In this blog post I’m writing about something that I consider really interesting and also very fascinating from the engineering perspective. I’m a huge fan of computer security related stuff and am intrigued by the many branches (ha!) it covers top to bottom with so many different aspects that you really cannot know everything at all. There’s always so much more to discover. This is not supposed to be a deep-dive or a complete guide to anything at all, more than just to give you a brief introduction to something that you could also find interesting and possibly study on your own. Please, if you don’t read this posting, at least checkout the link from the second to last paragraph!
So back in the day CPU architectures introduced the stack in order to allow better control of the programs’ execution flow and for instance make recursion possible (if it’s not clear for you, read this post and try to come up with the reason why you cannot have recursion without the stack!). Nowadays stack is a must and you cannot find a piece of hardware executing software without a stack (as far as I know). The stack is interesting. It grows with the push operations and decreases with the pop operations. Every time the CPU calls a new function the stack is grown and every time the execution of a function is over the stack is decreased. What goes in there, specifically, are the local variables for a function and the return address to use after the execution. So lets say the CPU calls a void function called count that is supposed to print numbers from 0 to 10. What we push to the stack is the return address which is the address of the next instruction that is supposed to be executed right after the function is done and space for the count’s local variables (it supposedly needs a loop and a loop variable). When count is done, we decrease the stack with pop operation which then gets rid off the count’s local variables and returns the execution to the location pushed to the stack earlier. It grows dynamically, so to say, and the whole thing is really interesting, the way it works and the cleverness of it. It’s automatically grown and decreased and always keeps each functions’ environments intact and stores the addresses for continuing execution. It’s very simple but really powerful at the same time.
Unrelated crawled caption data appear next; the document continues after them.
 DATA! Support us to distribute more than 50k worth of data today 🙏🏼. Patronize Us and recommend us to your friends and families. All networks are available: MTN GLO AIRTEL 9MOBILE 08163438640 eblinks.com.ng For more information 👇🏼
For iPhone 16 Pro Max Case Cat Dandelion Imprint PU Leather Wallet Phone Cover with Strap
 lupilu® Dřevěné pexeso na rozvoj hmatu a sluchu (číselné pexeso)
The problem is… what if an adversary party could write some malicious code into your stack and override the bits that holds the information where to go next? Specifically, overwrite the return address from the stack with a return address of the party’s own. That would inherently make the control flow jump to execute whatever the malicious party wanted. That’s what bad guys started doing and which lead to DEP and ASRL. DEP stands for Data Execution Protection, a technology which separates the dynamic, software written data from the instructions that the CPU is going to execute. ASRL stands for Address-Space Layout Randomization, which changes the location of the software, the kernel code, the operating system’s libraries, and so forth, in the RAM so that the malicious party cannot know where certain pieces of software logic lies in the address-space which makes the use of known locations of useful code a no-go for execution. DEP and ASRL are both themselves really fascinating stuff and if you’re interested, go check them out in more detail, my few words here don’t really get you covered on them at all.
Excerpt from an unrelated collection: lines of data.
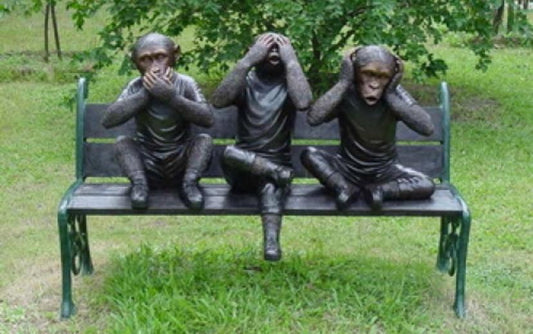 Three wise monkeys on bench large bronze statue bronze - Size: 52" x 32" x 36"H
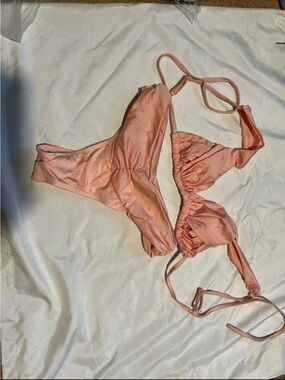 Peach Satin Bikini Set - Two Piece Swimwear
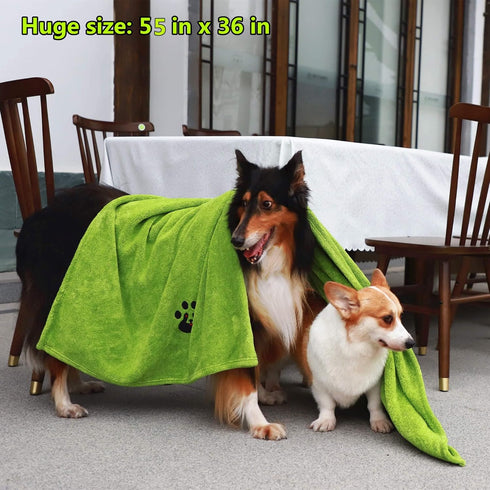 Extra Large Dog Towels for Drying Dogs - Pack of 3, Super Absorbent Microfiber Bath Grooming Towel (XL)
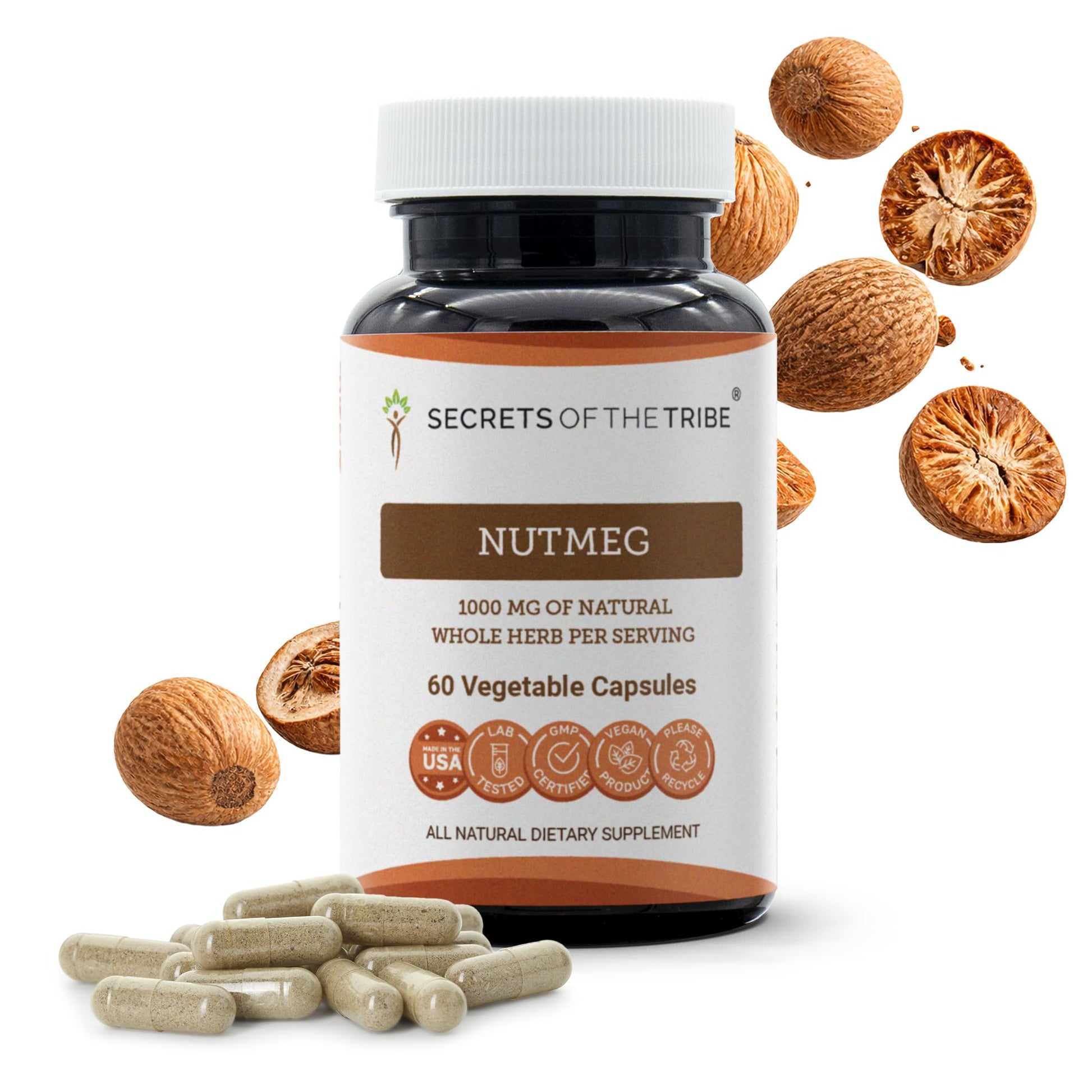 Secrets of the Tribe Nutmeg Capsules 60 Count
Return-Oriented Programming (ROP) is a way of getting control of the stack and changing bits and pieces of software logic towards the end of subroutines so that the CPU would then execute code that would diverge the program flow to an adversary route. That would of course, done correctly, lead to takeover of the operating system since the malicious party could execute whatever it wishes. Now Intel and Microsoft have come up with a new piece of fascinating technology called Control-Flow Enforcement Technology that adds more protection specifically to the stack operations. There are two new things to fight the problem:
- ENDBRANCH instruction is added to the new x86/x64 architecture instructions sets. When the software is compiled with a CET supporting compiler that targets new CPUs, all legal (valid) calls and jumps are directed to an endbranch instruction. That is to say that whenever a subroutine is called, the first instruction to be found inside the subroutine must be an endbranch. If it’s not, the CPU throws an exception and the hell breaks loose. So the program gets compiled in a way that the subroutine/call/jump flow is enforced to obey the original intent of the programmer – thus the name Control-Flow Enforcement. Today’s processors can return to any valid place the kernel lets them to return to no matter what instructions lie there, but that’s going to be changed with CET. That makes it impossible for an attacker to redirect the program flow for example into middle of a library or so that could then lead to overtake. The brilliance of the endbranch instruction is that it’s implemented as a NOP in all the current Intel chips so it’s 100 % backwards compatible and requires no tricks from the software programmer.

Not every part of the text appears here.